What I have found is that a lot of tools, by wanting to do everything, ends to do nothing. That I'm a lot better with simple tools, I find it more convenient, simple to use and understand.
Maybe it's because I'm human, maybe because I can't face complexity just as well as machines can. I don't know.
But what I know is I can't find a mail client which do the job. I have tried a lot thought. Thunderbird, Gmail, Geary, Nylas, Postbox, ...
What are your thoughts? Did you find tools that fit your needs? Or, do you dream, just like me, of a mail client which is just a simple tool?
Thanks for reading :)
Note: I'm a beginner when it comes to writing in english, so feel free to give me your feedback :)

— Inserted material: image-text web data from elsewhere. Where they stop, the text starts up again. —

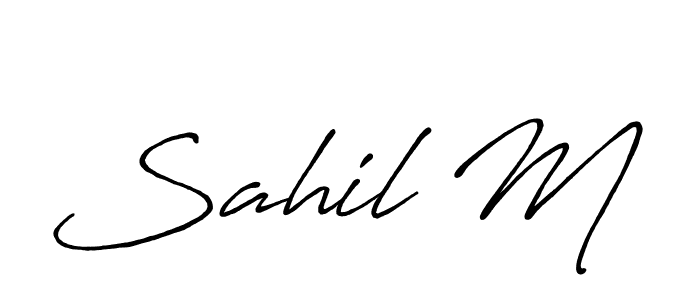 Make a beautiful signature design for name Sahil M. Use this online signature maker to create a handwritten signature for free. Sahil M signature style 7 images and pictures png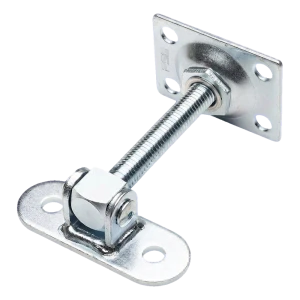 PSG adjustable gate hinge M14 with shield 115×40 mm and plate 75×55 mm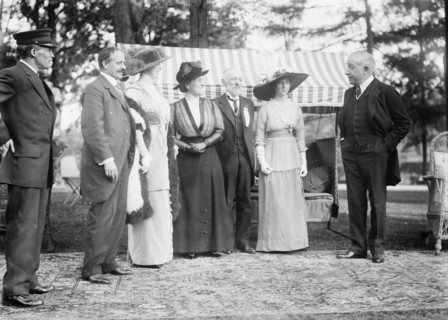 L.L. Bonheur; Mrs. Cochran [i.e., Cockran]; O. Straus & wife; Mrs. T. Roosevelt, Jr.; B..., 1912. Creator: Bain News Service.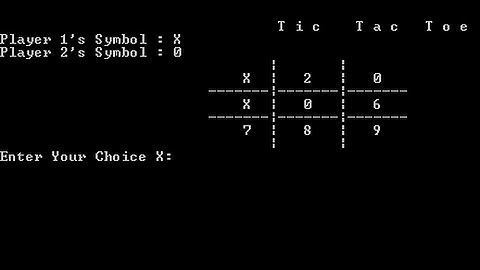 Tic Tac Toe using c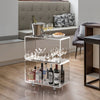 Crystal Bar Cart - Stauber Furnishings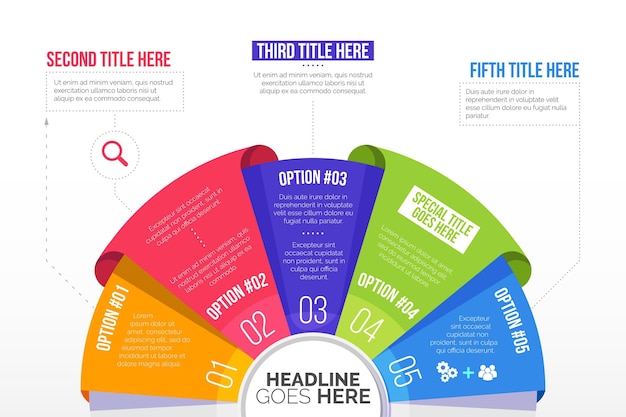 Infographie De Diagramme Circulaire Plat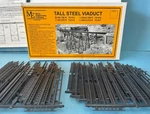 Micro Engineering Ho Tall Steel Viaduct 150 Ft Kit #75-514 Open Box Complete. Fixed Price $39.80.
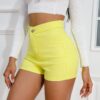 High Waist Stretch Plus Size Sexy Ripped Shorts - Image 6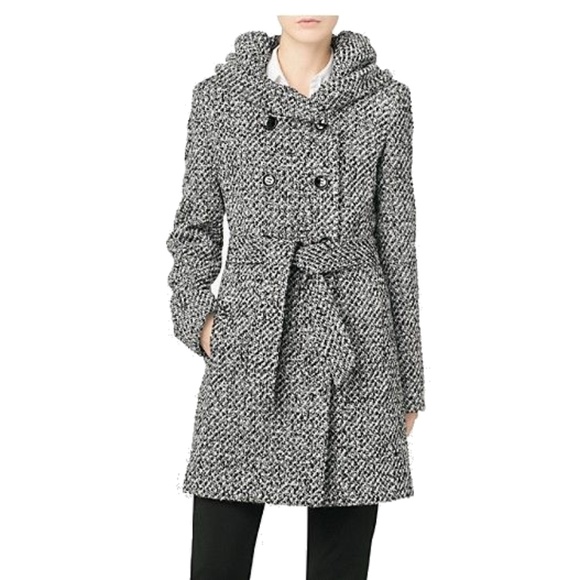 Calvin Klein Jackets & Blazers - SALE Calvin Klein long tweed belted peacoat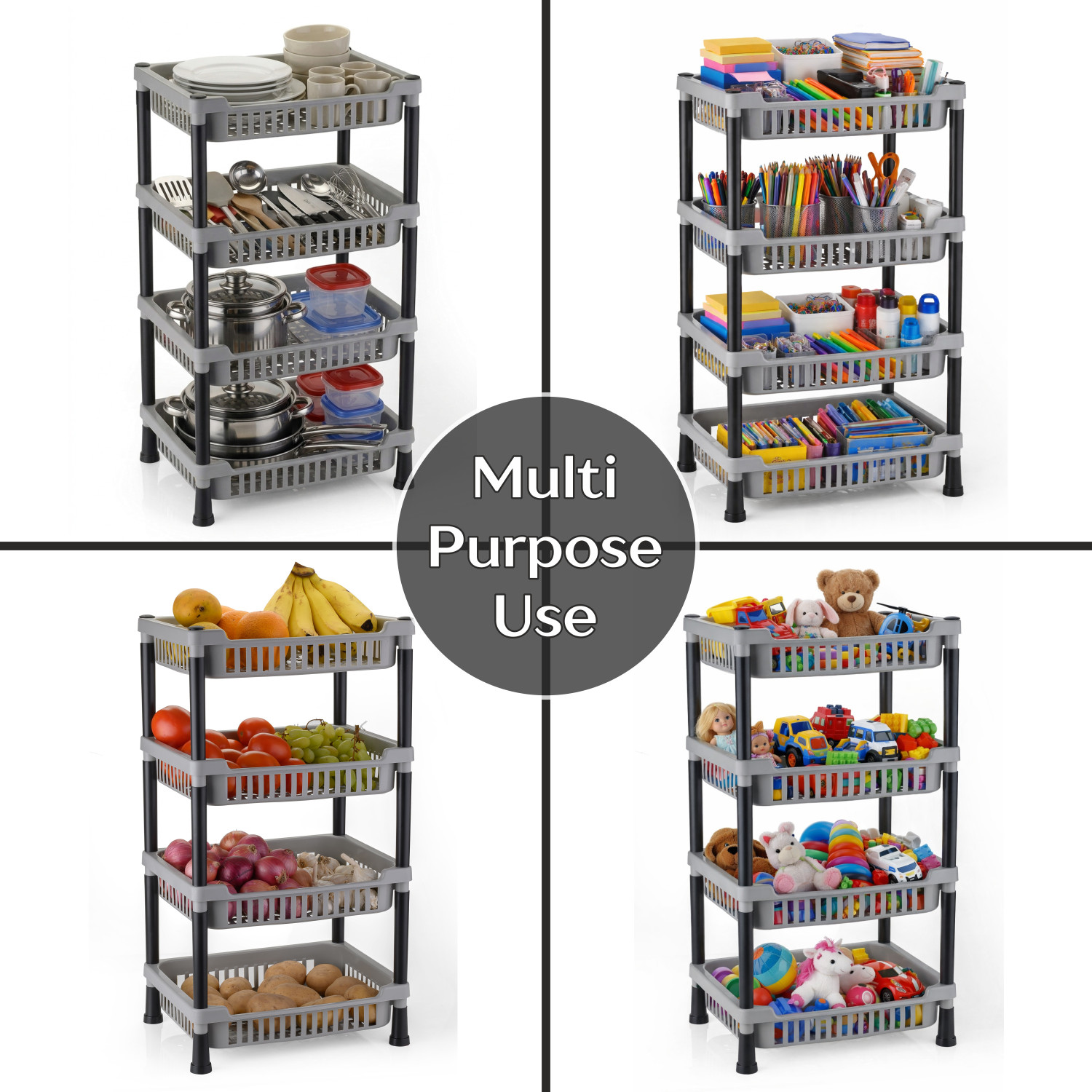 Image of Womens First Choice 4 Compartments Plastic Multi-Purpose Use
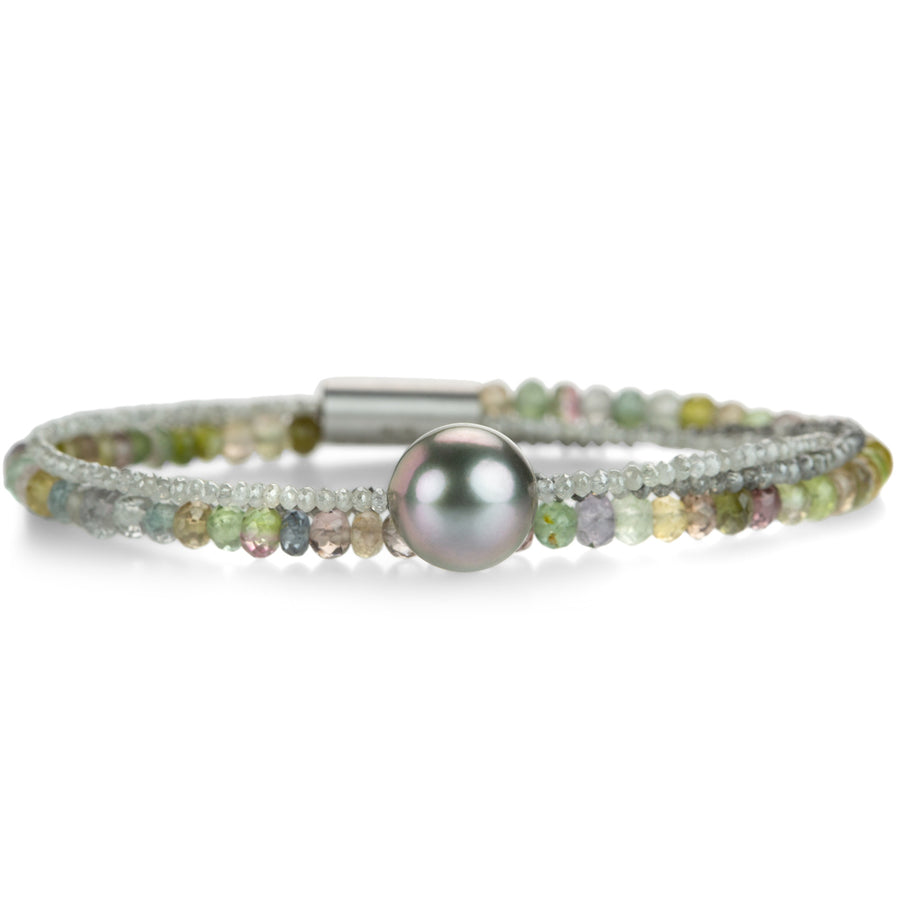 Gellner Tourmaline and Anthracite Bracelet with Pearl | Quadrum Gallery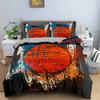 Basketball Sport Basketry Duvet Cover Ball for Children Boys Play Game Basketball Fan Polyester Quilt Cover Bedroom Decorations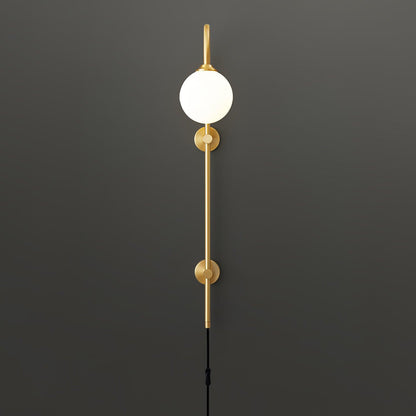 Globe Brass Plug-in Wall Sconce Wall lamp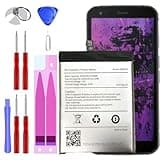 [4200mAh] Cat S62 Battery, High Capacity 0 Cycle Battery for Cat S62 Mobile Phone XQ6602G Battery with Professional Replacement Tool Kits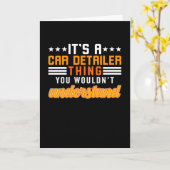 I's a Car Detailer Thing カード (黄色い花)
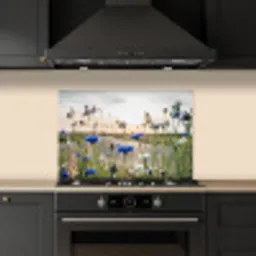 Zomeravond met Korenbloemen keuken achterwand spatscherm klein -sfeer1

the question of simplicity seems to be rather complex :D
I personally always go for bash if I want something simple tecmint.com/best-commandline-email-clients-for-li…
but they mainly don't have less features they have a different learning approach since you often cannot use a mouse and this forces the UI design to work in a different way.
Did you mean something like that?
edit:
oh and your english is fine ... i even would dare say you write way better english than I do :)
Jason Knight
The less code you use, the less there is to break
I've been on the hunt for a decent mail client ever since Opera told its faithful to kiss off when they moved to Blink. The standalone version no longer works with modern SSL since the chinese company that bought them out no longer maintains it, and I find Thunderbird... lacking.
IMHO the world could always use another fresh set of eyes on making a mail client -- and you used the magic word. Simple.
Too many of the terminal clients end up with false simplicity, they look simpler but mak the task harder. Too many GUI clients just keep tacking on features people don't want or need whilst failing to provide some basic things like in-built spam filtering.
The only reason I'm using Thunderbird right now is it actually works with all the different mail systems I log into... I'd LOVE to find something better but half of them won't even talk to my server.